The term “private” is used herein in connection with a model to refer to one or more attributes of a model not being known or shared outside of an entity that uses the model. Examples of such attributes include, but are not limited to, weights, architectures and data schemas.

The term “payment decisioning” is used herein to refer to making a decision relating to a payment. Examples of such decisions include, but are not limited to, approving the payment, declining the payment, and referring the payment for further analysis.

The term “account embedding” is used herein to refer to an embedding that is derived from account information.

The term “server” is used herein to refer to any computer network element that serves, or provides functionality for, one or more other entities in the network. A server may be implemented in hardware and/or software.

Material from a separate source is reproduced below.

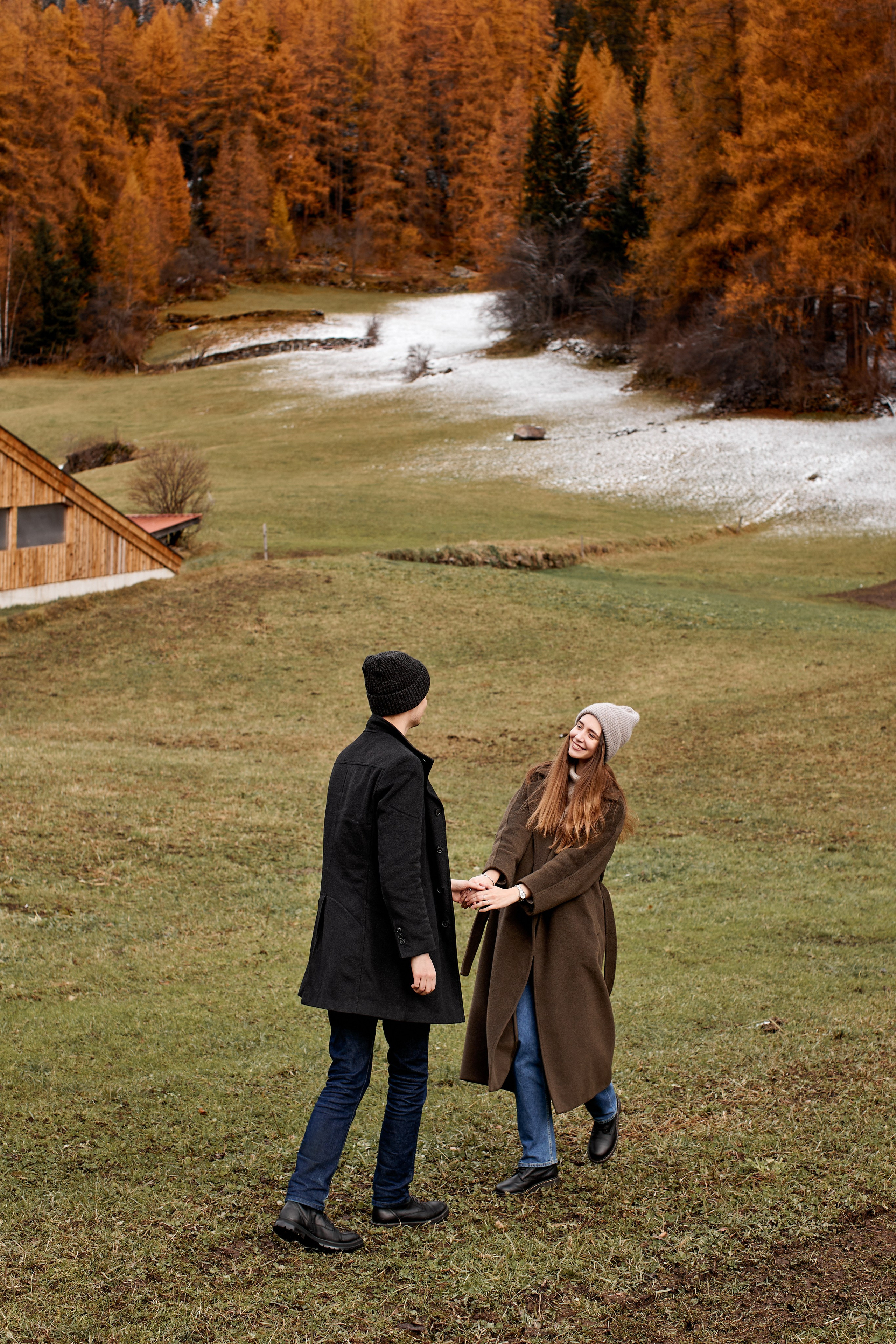 Lovestory in Zelden. Amazing photo session at a time convenient for you. Y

Example Transaction Processing System

FIGS. 1A to 1C show a set of example transaction processing systems 100, 102, 104. These example transaction processing systems are described to provide context for the inventions discussed herein but should not be seen as limiting; the configuration of any one implementation may differ based on the specific requirements of that implementation. However, the described example transaction processing systems allow those skilled in the art to identify certain high-level technical features that are relevant for the description below. The three example transaction processing systems 100, 102, 104 show different areas where variation may occur.

FIGS. 1A to 1C show a set of client devices 110 that are configured to initiate a transaction. In this example, the set of client devices 110 comprise a smartphone 110-A, a computer 110-B, a point-of-sale (POS) system 110-C and a portable merchant device 110-D. These client devices 110 provide a set of non-exhaustive examples. Generally, any electronic device or set of devices may be used to undertake a transaction. In one case, the transaction comprises a purchase or payment. For example, the purchase or payment may be an online or mobile purchase or payment made by way of the smartphone 110-A or the computer 110-B, or may be a purchase or payment made at a merchant premises, such as via the POS system 110-C or the portable merchant device 110-D. The purchase or payment may be for goods and/or services.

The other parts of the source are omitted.